Tuesday, March 11, 2008

Hill Country Geology, Part Two

It was the first outcrop of the day, and we piled out of the mini-vans and into a brutal north wind that reminded me of Upstate New York or maybe somewhere along the coast of Baffin Island in the high Arctic. The snow had stopped, at least for the moment. Julie had awoken that morning (Saturday, March 8th) to a half inch of snow blanketing the ground in Carrollton, and had sent me an email even, wondering if we should consider cancelling, on account of the weather. But no, we were all hardy folk, and why would we let freezing temperatures and gusts to thirty miles an hour or more slow us down? So we bundled up, and hit the outcrop: a fairly recent roadcut (one of few left that has not been "tragically" revegetated) along the South Fulton Parkway.

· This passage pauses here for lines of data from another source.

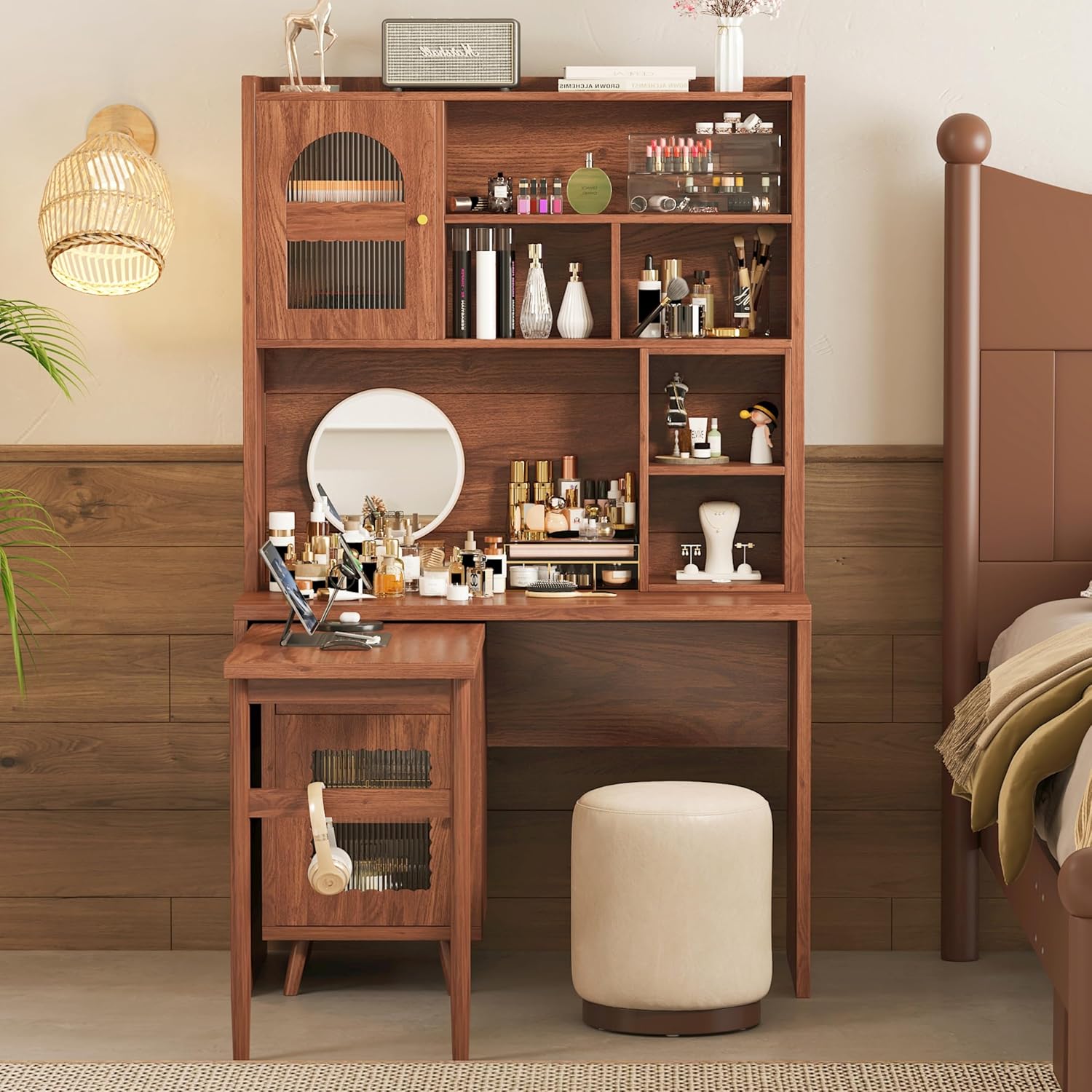 Bellemave Computer Desk with 90 Degree Rotating Desktop, 43x70 Inch Home Office Desk with Drawer and Storage Cabinets, Gaming Desk with Shelves, Writing Desk for Study (Walnut)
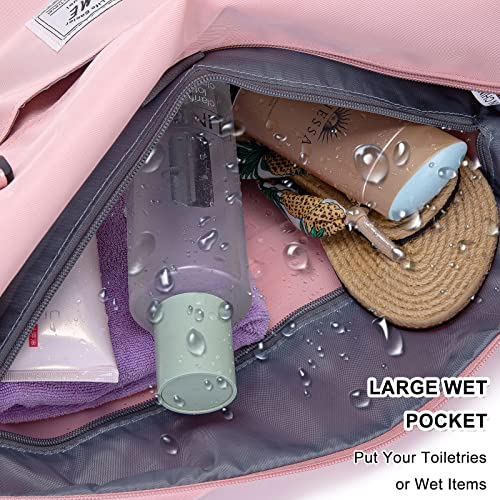 AROME Weekender Bags for Women, AROME Large Travel Duffel Bag Waterproof Overnight Weekend Carry on Shoulder Bag Sports Gym Tote Bag with Wet Pocket Luggage Sleeve & Flight Approved (Pink) - Image 5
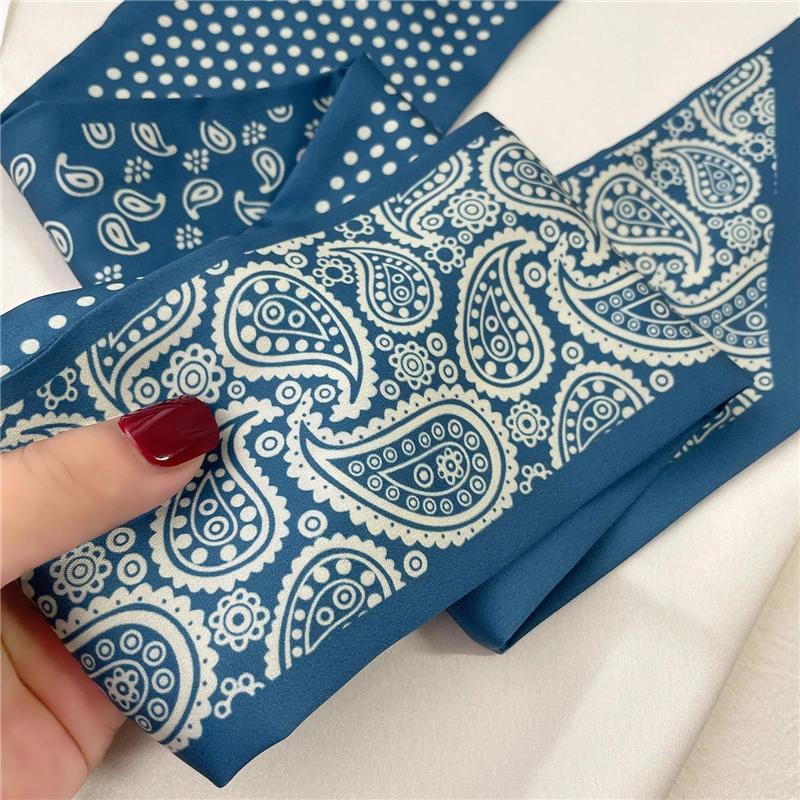 hair ties for women 2021 Women Silk Satin Hair Band Scarf Skinny Neck Tie Fashion Print Fruit Ribbon Hand Bag Wirst Towel Headscarf Girl Foulard designer hair clips Hair Accessories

I jumped across the obligatory Swampy Area at the base of the outcrop, through the entirely expected Zone of Briars and Generally Nasty Vegetation, up to the rock face. Granite, mostly -- the good old Palmetto Granite, the stuff of which large boulders are made (such as the ones beside the entrance road into Cochran Mill Nature Center, and in the entrance road, too -- the driveway splits into two one-way routes at a couple of large, well-exfoliated (rounded) chunks of granite). But wait: what was metamorphic rock -- gneiss, probably -- doing here at the granite outcrop? Was it a "Contact"?

I need to pause here and explain for non-geologist readers the sacred nature of the Geologic Contact. In simplest terms, it is the point where two lithological units (rocks of different age or origin) come together. But at those boundaries, amazing things can happen -- stories can be read by a geologist's trained eye, whether of extinctions (the most famous Contact of all, the K-T boundary, marks where the dinosaurs died off) or perhaps an episode of contact metamorphism (a molten granite intruding and baking the surrounding rock) or perhaps even a basaltic flow erupting from a fissure and flowing over the landscape. Bodies of granite are interesting, certainly -- one can describe their textures: aphanitic (fine crystals), phaneritic (large crystals) or porphyritic (a mixture of the two, with some very large crystals). One can further classify them in terms of their mineralogy: is that black speck hornblende, or biotite? One can look for xenoliths, bits of country rock encorporated into the slowly flowing melt (with a viscosity like that of silly putty). But basically, granite is fairly homogeneous stuff, and it gets boring. One starts looking instead for intriguing things growing on the granite, such as lichens and mosses, and even, if desperate, one tries to discern the words in a bit of grafitti covering part of the rock surface. The same is true, for the most part, for metamorphic rocks -- though they occasionally deform into fascinating folds, and some gneisses and schists contain impressive garnets. But the true quarry, the field geologist's quest, is the point of meeting, the Contact.

In the case of this first outcrop of the day, the drama was short-lived. Yes, there was a location on the rock face where granite gave way, rather unspectacularly, to gneiss. But the gneiss was not true country rock, but only an enormous xenolith, perhaps the size of a VW microbus, surrounded by the granite. Matching the spot Julie first found, a distance over on the rock face, a participant discovered another point of meeting, evidence that the rock was just a xenolith, and that the Contact lay elsewhere.